Fatti
Rispetto a Francia e Germania l’Italia sta godendo di un trattamento favorevole da parte dei mercati finanziari. L’indicatore che documenta questa dinamica è il famigerato spread, vale a dire la differenza che gli investitori sono disposti a pagare per acquistare titoli di debito pubblico di un Paese rispetto a un altro. Sullo spread, non va dimenticato, sono addirittura caduti dei governi e comunque un valore elevato di questa misura implica un maggior costo della spesa per interessi che nel caso dell’Italia, Paese con un debito pubblico proverbialmente elevato, ha toccato in passato livelli molto pesanti. Oggi la situazione è assai diversa. Con la Francia il differenziale è praticamente azzerato e con la Germania, termine di riferimento dello spread per antonomasia, si è fortemente ridotto. I motivi vanno ricercati essenzialmente nell’instabilità politica interna dei due Paesi e nel diverso impatto delle crisi internazionali su economie strutturate in modo molto diverso dalla nostra.
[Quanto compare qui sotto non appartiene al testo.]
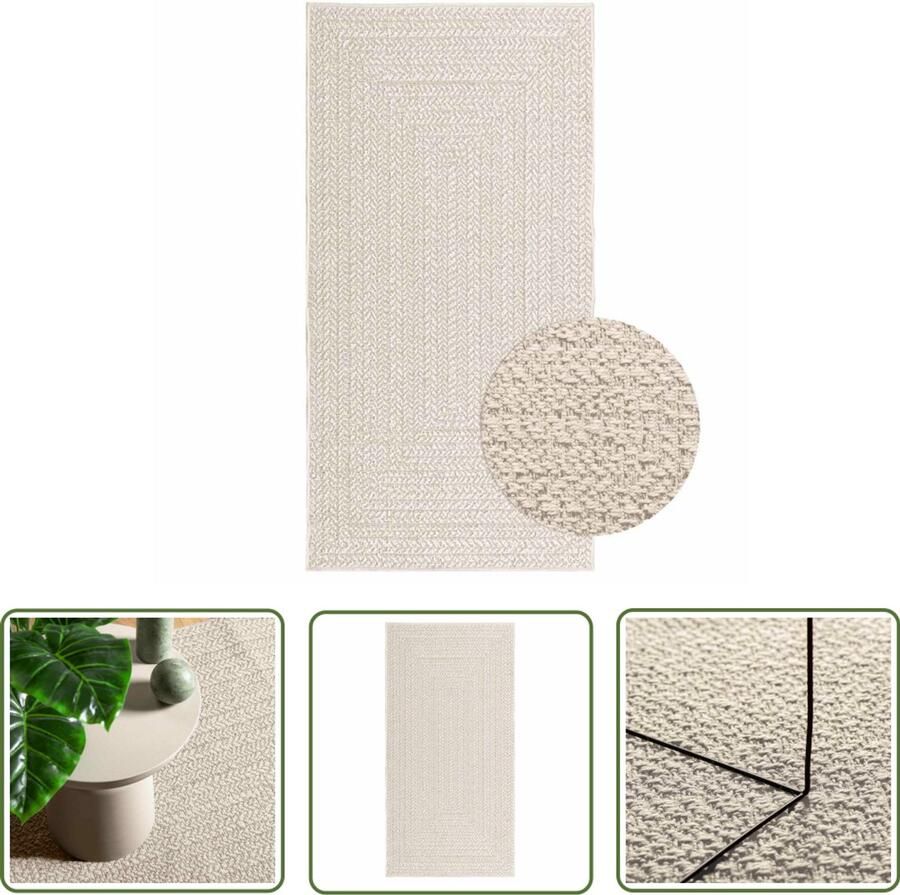 The Living Store Vloerkleed ZIZUR room binnen en buiten 80x150 cm jute look Vloerkleed Outdoor Tapijt Tuintapijt Patio Dekking Balkon Tapijt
Per converso l’Italia viene premiata per la stabilità dell’assetto di governo, assecondata da una gestione tutto sommato accorta e prudente dei conti pubblici, riconosciuta dalla stessa Bce che per bocca della presidente Lagarde ha elogiato gli “sforzi molto seri” compiuti da Roma e ha ipotizzato che il nostro Paese possa uscire anche prima del previsto dalla procedura Ue per eccesso di deficit.
Questo andamento dovrebbe facilitare la messa a punto della prossima legge di bilancio. Attenzione però a non illudersi che si possa galleggiare accontentandosi della “rivincita” sui partner europei un tempo più in auge, magari facendone motivo di propaganda elettorale. Sarebbe pericoloso non solo perché le sorti economiche di quegli Stati sono strettamente connesse con le nostre e da soli non si va da nessuna parte, come ha ricordato ancora una volta il capo dello Stato nel video-intervento per il Forum di Cernobbio. Ma in modo particolare perché il nostro Paese presenta delle debolezze strutturali molto forti e il momento favorevole andrebbe sfruttato per cominciare a porvi rimedio guardando un po’ più in là delle prossime regionali. Non ci sono “tesoretti” su cui fantasticare. È di questi giorni, per esempio, il dato del Dipartimento delle finanze che ridimensiona drasticamente le attese circa l’aumento delle entrate fiscali nel periodo gennaio-luglio 2025. L’aumento rispetto all’anno precedente ci sarà effettivamente, ma solo del 2,6%, raggelando le previsioni che il +7,3% di giugno aveva innescato. Vanno molto male i consumi interni, in special modo quelli di generi alimentari, falcidiati dall’aumento dei prezzi. E qui riemerge un’altra delle debolezze strutturali a cui si accennava: il livello dei salari. L’Italia è l’unico Paese dell’area Ocse in cui i salari reali medi siano diminuiti: dal 2000 al 2023 sono scesi del 3,5%. Lo si è scritto tante volte, è vero, ma se non si tiene conto di questo dato è difficile capire come mai al boom occupazionale descritto dalle statistiche non corrisponda una produttività adeguata e le situazioni di difficoltà sociale non tendano a diminuire.